Professor Finn Tarp from Denmark's Copenhagen University said the Vietnamese economy had improved and progress had been made.
"Viet Nam has the ability to face various crises. However, some people, especially those in rural areas, have not managed to respond well to the crisis or increase their incomes," Tarp said.
He added that agricultural production should be increased but its proportion in the economy should be smaller.
"Media plays an important role in rural development because we can see from the survey that a lack of information is a challenge. To make the right decision about what to do you need to know about prices and markets," he said.
Findings from the survey show that the proportion of households classified as poor by the Ministry of Labour, Invalids and Social Affairs has declined significantly over the years of the survey, suggesting that conditions have improved for the surveyed households.
"This [the number of poor households] declined from 23 per cent in 2006 to 16 per cent last year," said head of CIEM's Rural Development Policies Section Luu Duc Khai, adding that there had been a downward trend in poverty in nearly all the provinces with the exception of Dien Bien, Khanh Hoa and Long An.
He said it was clear that some provinces and groups remained more vulnerable than others. Large discrepancies in education by gender and poverty status had been noted while improvements in living conditions in terms of access to safe water and energy usage had been observed.
"The impact of migration on rural communities and on migrants should also be researched," he said.
The survey also show that the surveyed households experienced a significant increase in average annual income levels between 2008 and 2010.
"Agriculture remained the most important source of employment and income but poor households diversified their income sources to a greater extent than wealthier households, preventing them from enjoying gains from specialisation, " he said.
The average annual household income last year was VND80.9 million (US$3,950) while in 2008 the number was VND52.7 million ($2,570). About 28 per cent of the surveyed households operated a non-farm household enterprise which were mostly small and required only modest amounts of start-up capital.
Household enterprises have become more common among rural households with the exception of former Ha Tay, Khanh Hoa, Lam Dong and Long An provinces.
The survey found that there was a growing trend in the proportion of rice output that was sold. The commercialisation of agriculture could be an important mechanism for rural households to break out of poverty.
Khai said savings and credit had also been important mechanisms for coping with unexpected income losses
"We find that households were better able to cope in 2010 compared with 2008 but the poor remained the most vulnerable group. It was suggested that financial markets were better able to assist households in coping with shocks, in particular credit and insurance markets, but the informal sector played an important role with informal savings," he said.

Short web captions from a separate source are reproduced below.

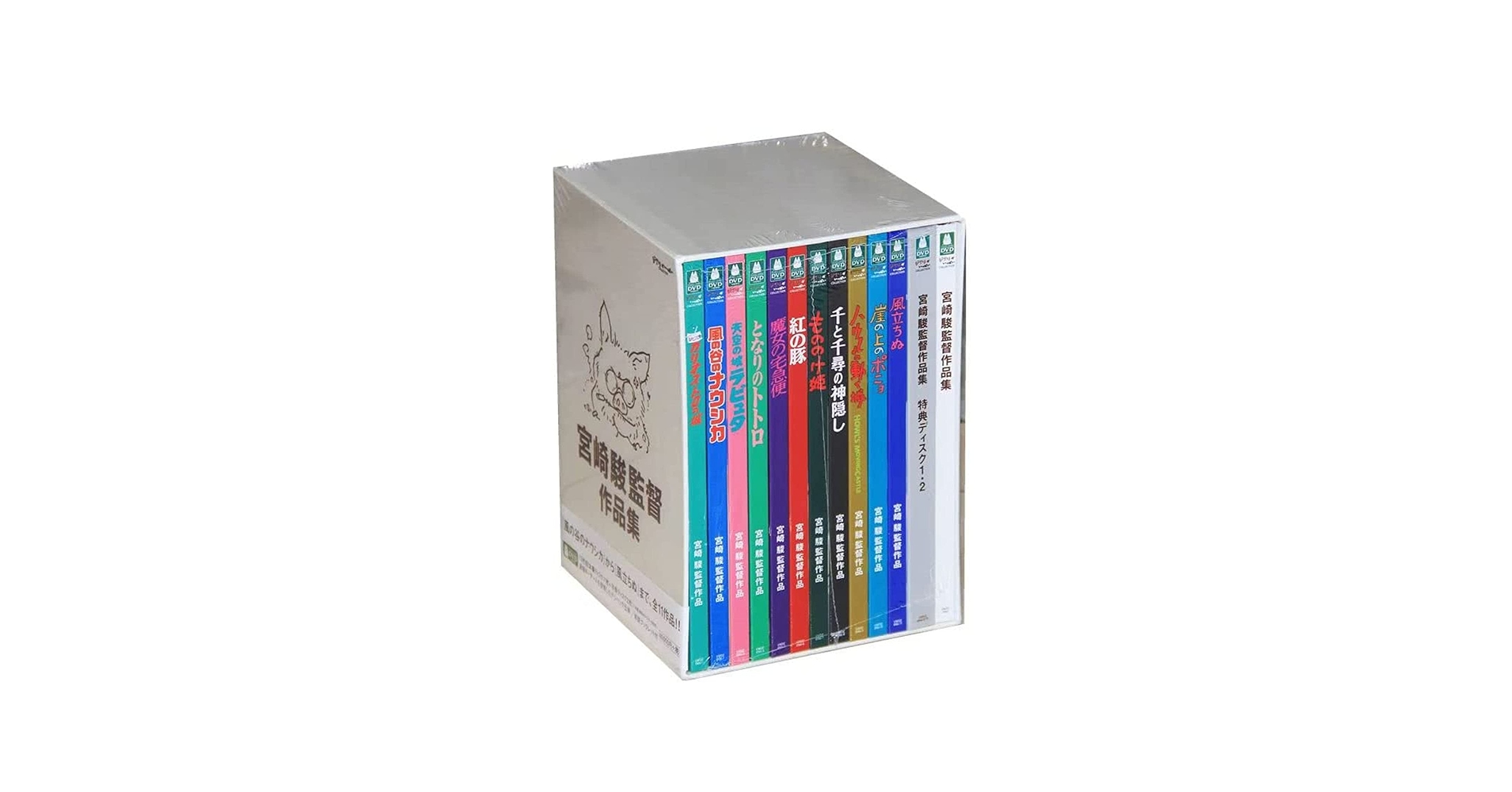 Amazon.co.jp: 宮崎駿監督作品集 DVD-BOX 全11作品収録アニメ 映画
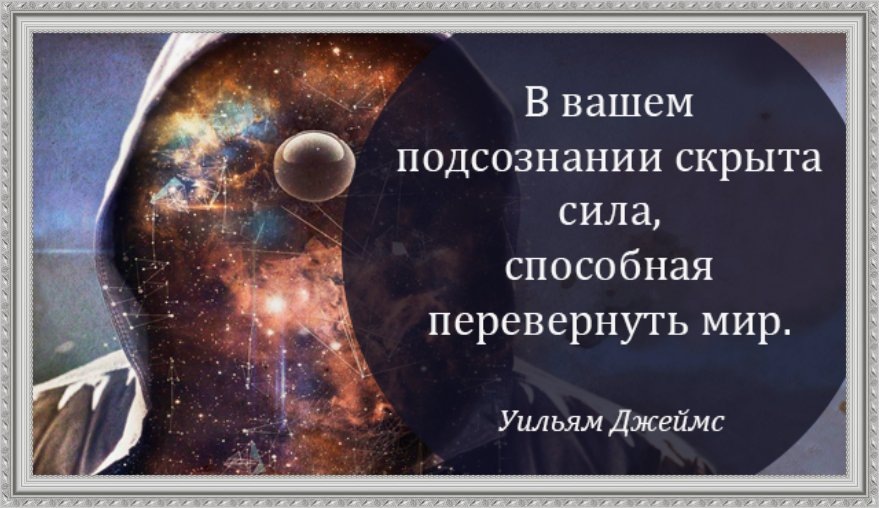 коллаж автора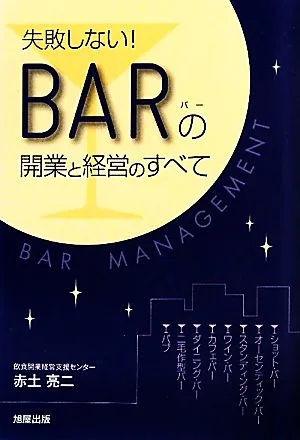 Don't fail! Everything about opening and managing a BAR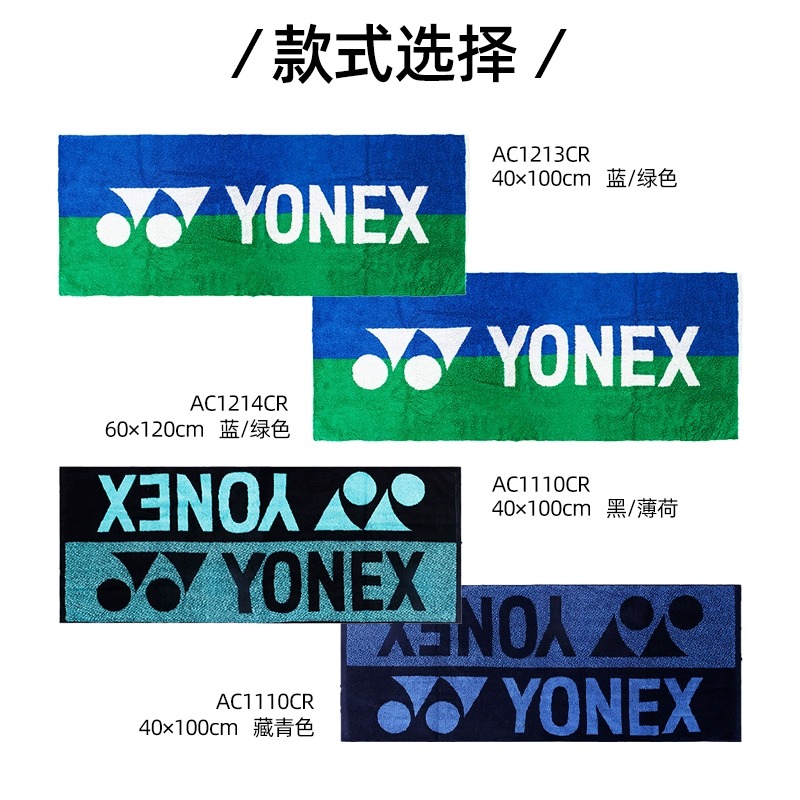 YONEX/尤尼克斯YONEX/尤尼克斯纯棉运动毛巾速干夏季透气瑜伽绿色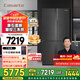 卡薩帝（Casarte）635升原石系列大容量十字對開(kāi)門(mén)家用電冰箱一級能效節能變頻智控三系統26檔變溫 【國家補貼20%】 BCD-635WVPAU1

Danish Ambassador to Viet Nam John Nielsen said agriculture accounted for two-thirds of the country's exports with an annual growth rate of 4 per cent.
However, he said the poverty rate in rural areas was high. The survey was expected to provide data for policymakers to develop measures for rural people to improve their lives.

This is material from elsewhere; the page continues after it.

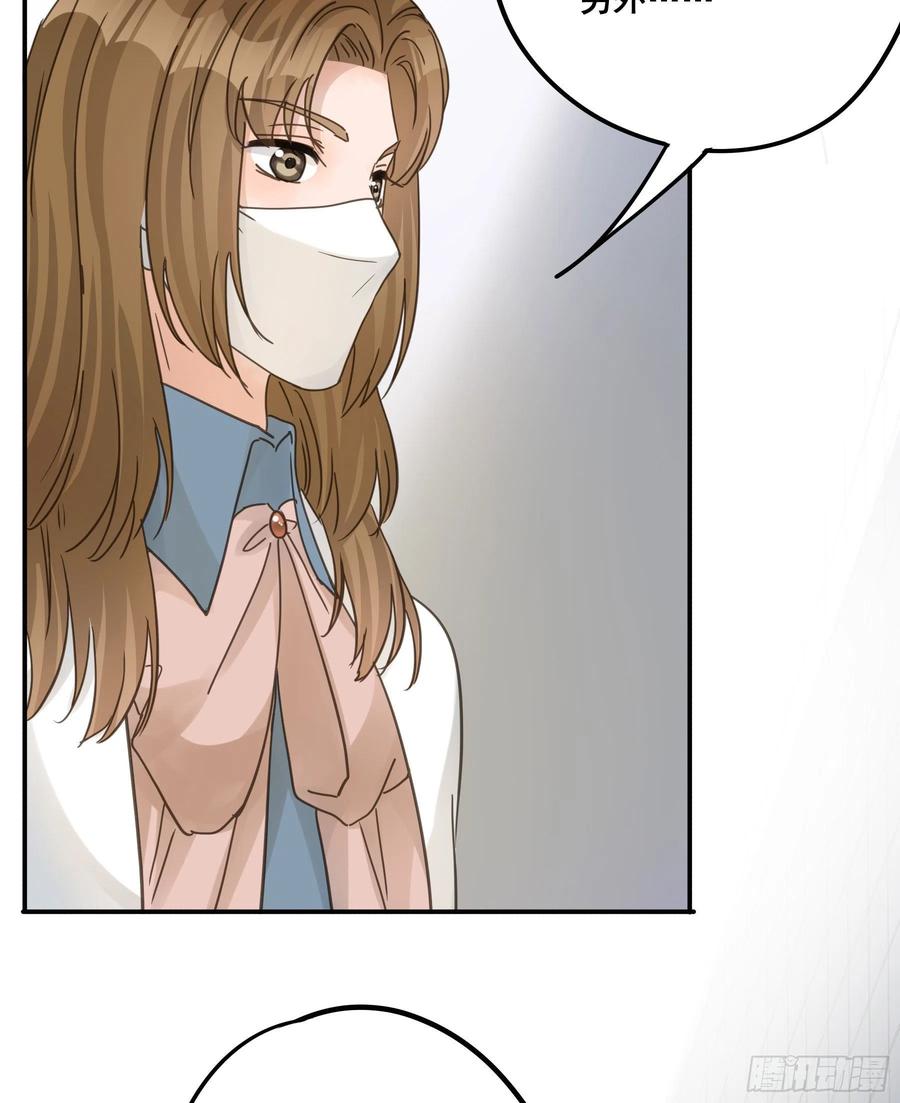 《君心不良》标记我！ 第18页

Hong said the Government should develop policies to support farming households in establishing large-scale enterprises as well as services to gather them into bigger productions.
"The best way to make the improvements is to accelerate production infrastructure to help farmers benefit from commercialisation in relation to supply and demand," said director of the Institute of Policy and Strategy for Agriculture and Rural Development's (IPSARD) Agriculture Policies Advisory Centre Nguyen Do Anh Tuan.
The survey, which was first conducted in 2002, builds on the three previous surveys and provides an insightful overview of the surveyed households over a long period.
This report was based on interviews with more than 3,000 households in 12 provinces by CIEM, IPSARD, the Institute of Labour Sciences and Social Affairs and the Development Economics Group of the University of Copenhagen together with DANIDA.